CAMBRIDGE, Mass. – The stage is set. Saturday night at Lavietes Pavilion will be a potentially epic battle with first place on the line after Friday night’s results. Harvard blew out Brown 69-42 at home, while Yale held off Dartmouth 70-61 in Hanover to take care of their end. Harvard will come in with an 8-1 Ivy League record, while Yale is on its heels at 7-2.
In theory, there should not have been much doubt about the games on Friday night. Brown was already under-manned, especially up front, and then had to go without Andrew McCarthy due to a back injury, thinning the frontcourt further against a Harvard team that can punish opponents inside. Dartmouth came in as the league’s only winless team, although they were at home. But there’s a reason why we play the games, and it isn’t because Brown had big halftime leads over Harvard in both meetings last season or Dartmouth’s reputation for playing teams tough in Hanover.

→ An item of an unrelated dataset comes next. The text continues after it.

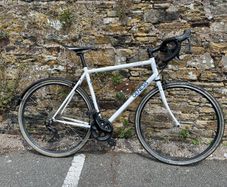 Genesis Equilibrium Steel Road Bike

Saturday night’s game is also noteworthy in that this is a major rivalry, although one known more in football with “The Game”. Last year, Yale dealt a big blow to Harvard, knocking them off in New Haven, a loss that set the stage for the tie atop the league that led to the one-game playoff with Princeton. The Crimson haven’t forgotten that, and it’s one reason they understand that they have to play their best every game.

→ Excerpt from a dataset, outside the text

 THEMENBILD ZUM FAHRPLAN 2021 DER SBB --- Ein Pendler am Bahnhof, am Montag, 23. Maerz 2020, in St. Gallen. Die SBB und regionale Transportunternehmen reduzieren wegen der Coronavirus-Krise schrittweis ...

“We’re just looking at this as we’re pitching it up for 40 minutes and we have to come out of here with a win,” said junior forward Kyle Casey.
When the two teams met over three weeks ago, it was all Harvard as the Crimson drubbed the Bulldogs 65-35. They forced 22 turnovers, something that has plagued Yale teams over the years, and dominated for much of the game. The Bulldogs appear to have gotten over that loss, having won every game since then. And in keeping with lessons learned, Harvard won’t be approaching Saturday night’s game as if the earlier result gives them a leg up.
“We know we’re going to face a hungry team, and a team that’s fighting for our league just as we are,” said head coach Tommy Amaker. “We anticipate this is going to be what people thought going into that last game.”
Yale isn’t as deep as Harvard, and the Crimson got a chance to rest their starters somewhat with a big lead in the second half. The biggest factor in this game will likely be the turnover battle; if Yale can win out there, they should have a chance. The Bulldogs turn the ball over more than any other Ivy League team, and while Harvard turns it over the least in the league, they have been prone to stretches of turnovers in addition to stretches where they simply don’t give the ball away.
The Bulldogs match up well with Harvard save for not being as deep, so it will come down to who plays the better game. One Harvard player is confident in how his team will come to play.
“I think we’re going to play very well tomorrow,” said senior forward Keith Wright. “I’m excited.”